▸ Task item:
Below are some records. Retype exactly the lines from the one containing "Diary product seamless" through the one containing "CHAPAL ZENRAY 925", both included, skipping every picture.

[Records from a data collection]
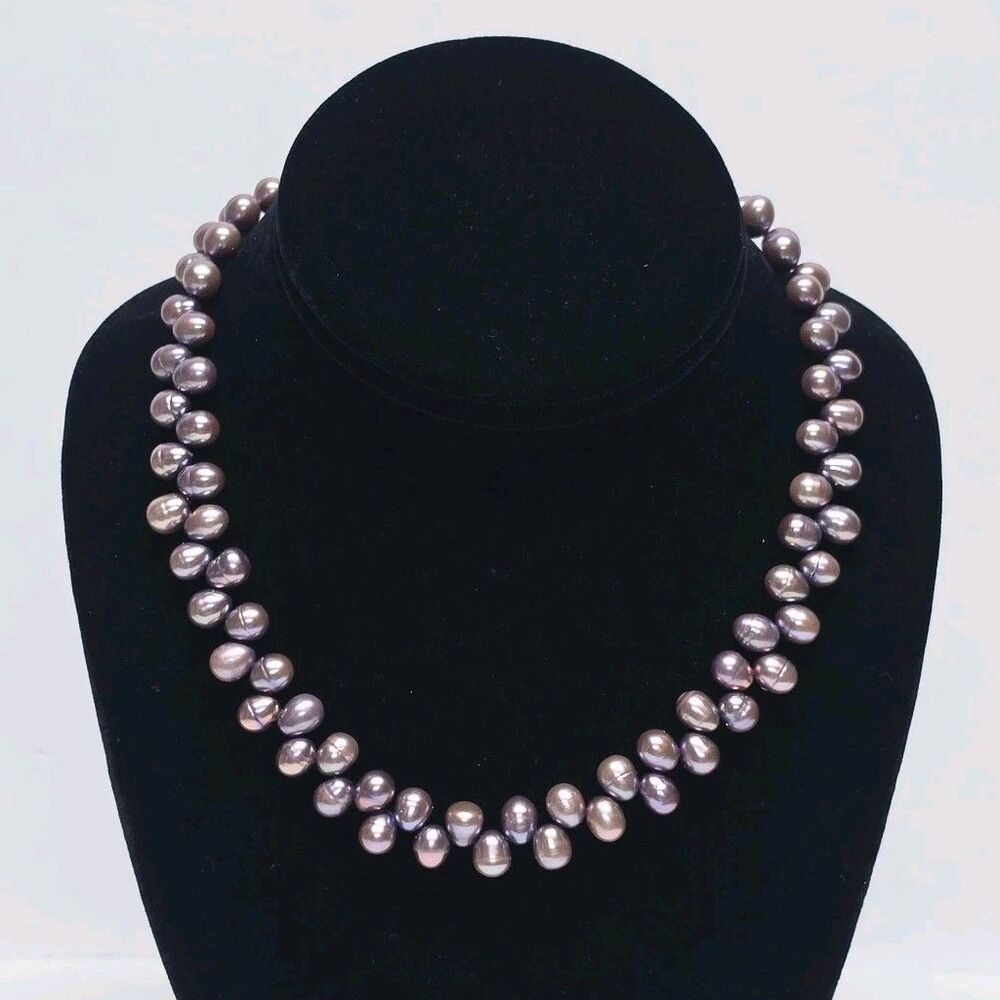 Vintage Rice Oval Pearl Freshwater Purple Collar Necklace Evening Formal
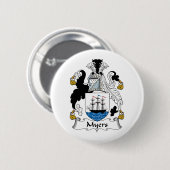 Myers Family Crest Ronde Button 5,7 Cm (Voorkant /achterkant)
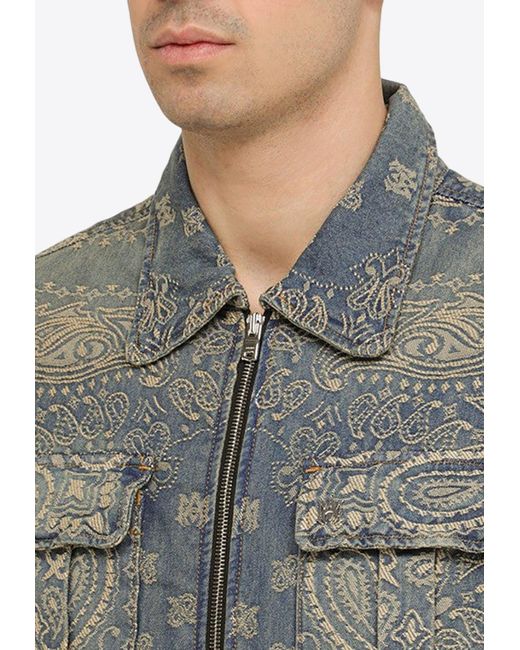 Amiri Gray Bandana-Embroidered Zip-Up Denim Jacket for men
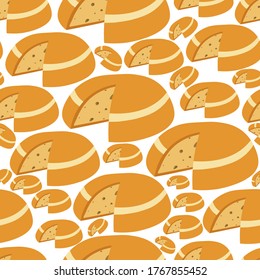 Diary product seamless pattern, slices of cheese. Milk-based food, snack or ingredient for dishes. Organic meal, assortment for shop or restaurant. Eating different kinds, vector in flat style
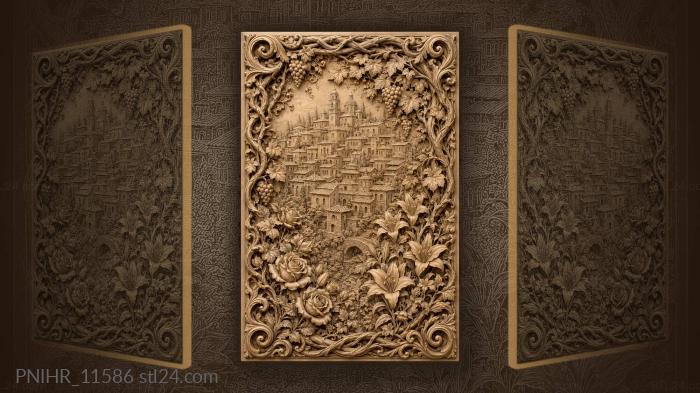 City hidden in blossoming garden 3d STL model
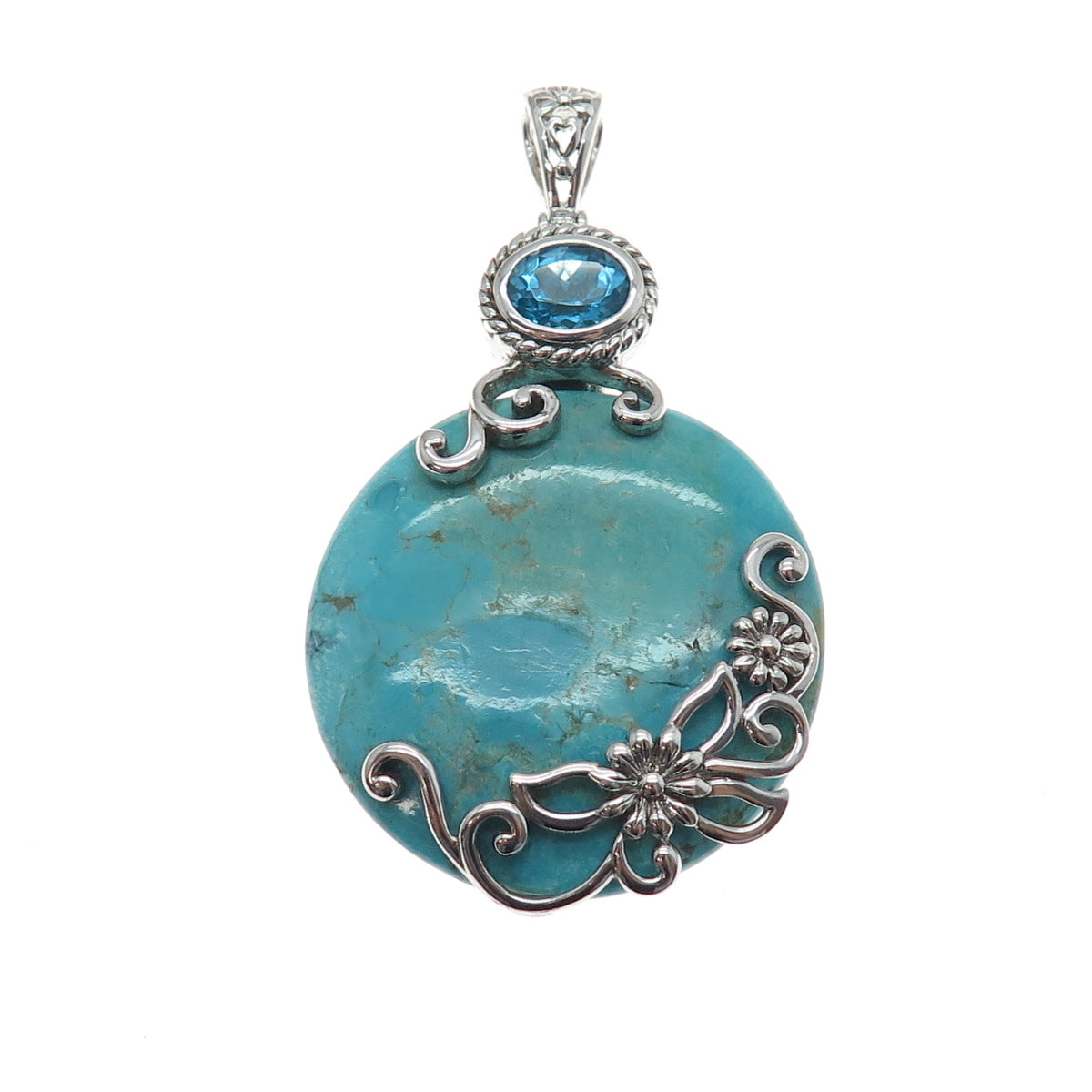 CHAPAL ZENRAY 925 Sterling Silver Vintage Real Turquoise & Blue Topaz Pendant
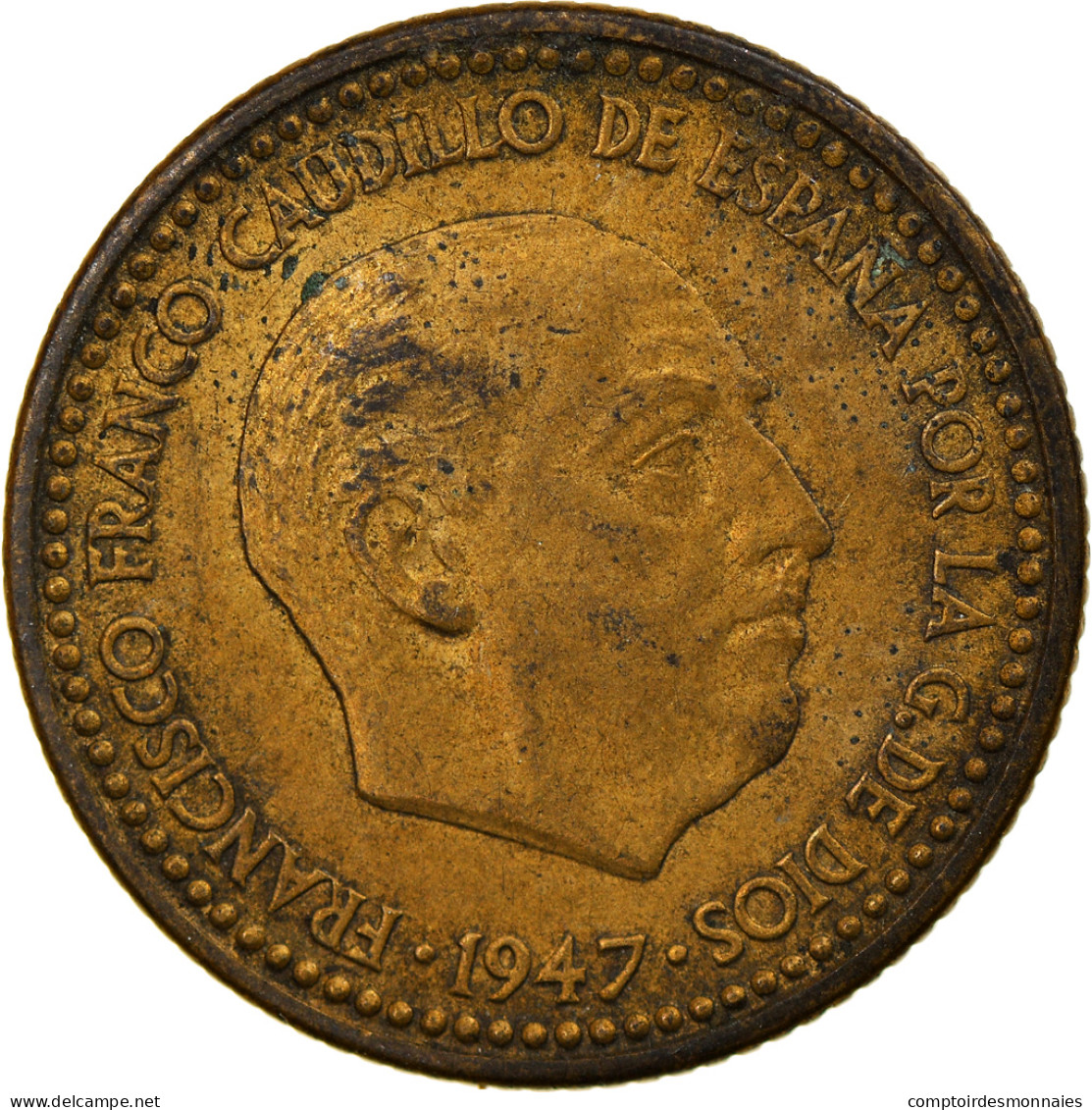 Monnaie, Espagne, Francisco Franco, Caudillo, Peseta, 1954, TTB - 1 Peseta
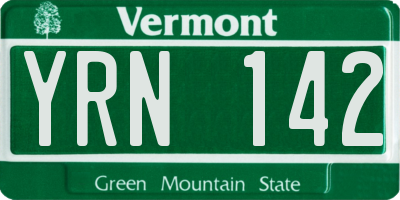 VT license plate YRN142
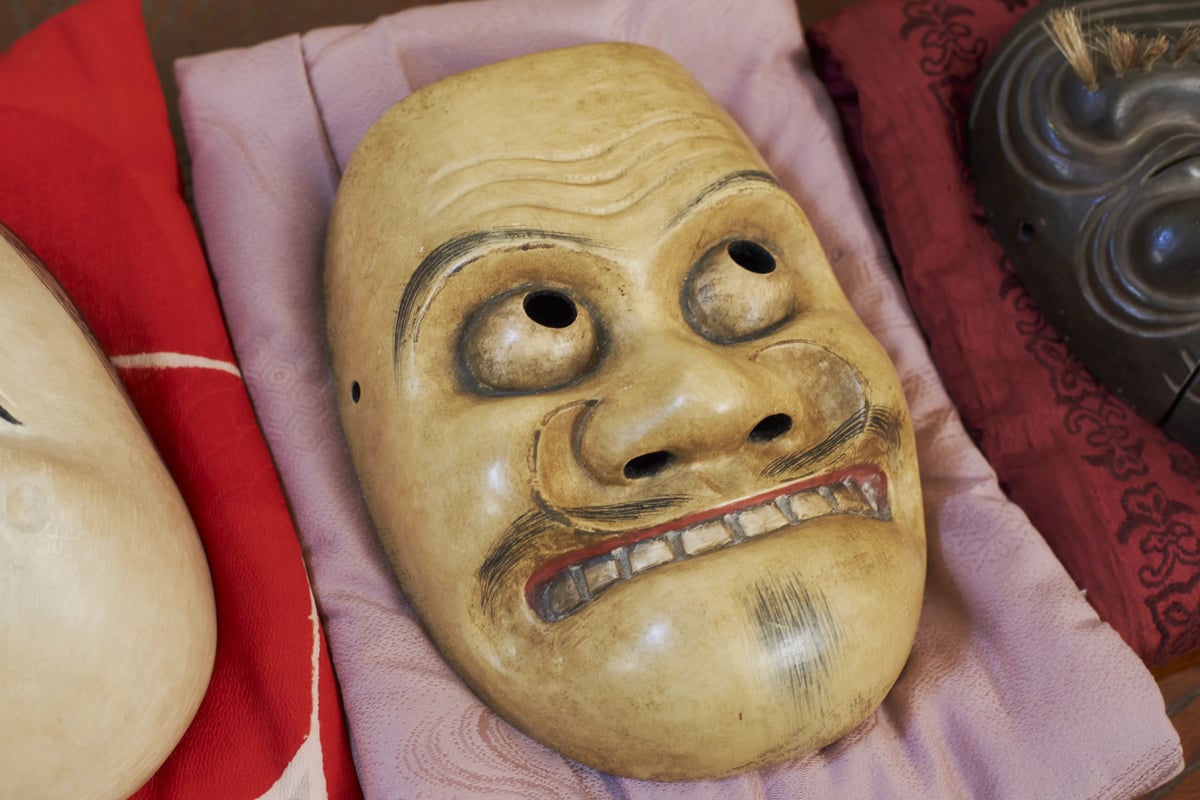 A kyōgen mask, close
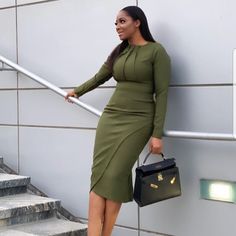 Professional Outfits Women Dresses Dresses, Office Dresses For Women Work Attire, Army Green Dresses, Army Green Dress Outfit, Female Wears, Office Wears, Work Attire Women, Tailored Fashion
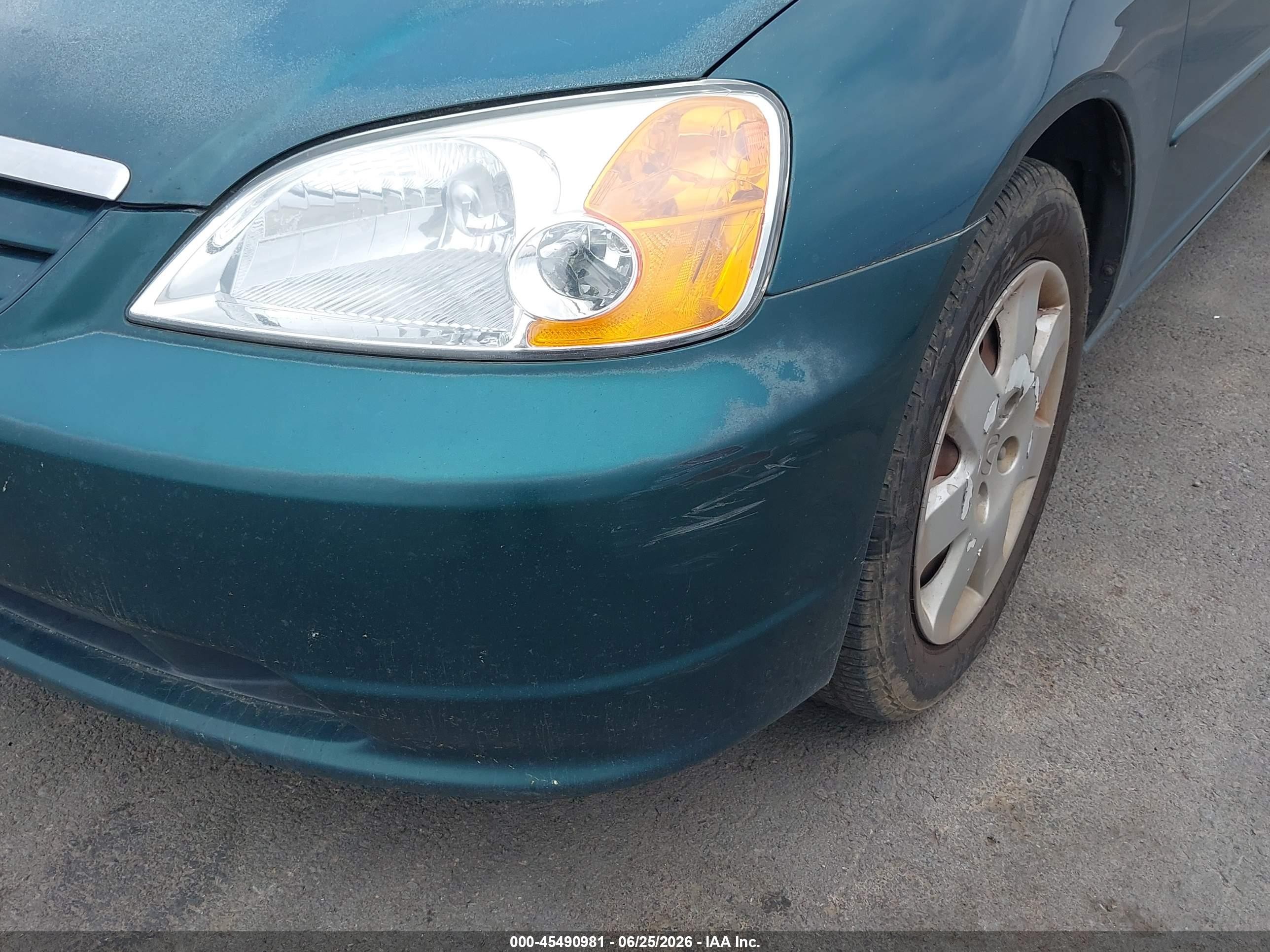 2001 Honda Civic Ex Green vin: JHMES26771S005040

▸ Exercise result:
 Diary product seamless pattern, slices of cheese. Milk-based food, snack or ingredient for dishes. Organic meal, assortment for shop or restaurant. Eating different kinds, vector in flat style
 City hidden in blossoming garden 3d STL model
 CHAPAL ZENRAY 925 Sterling Silver Vintage Real Turquoise & Blue Topaz Pendant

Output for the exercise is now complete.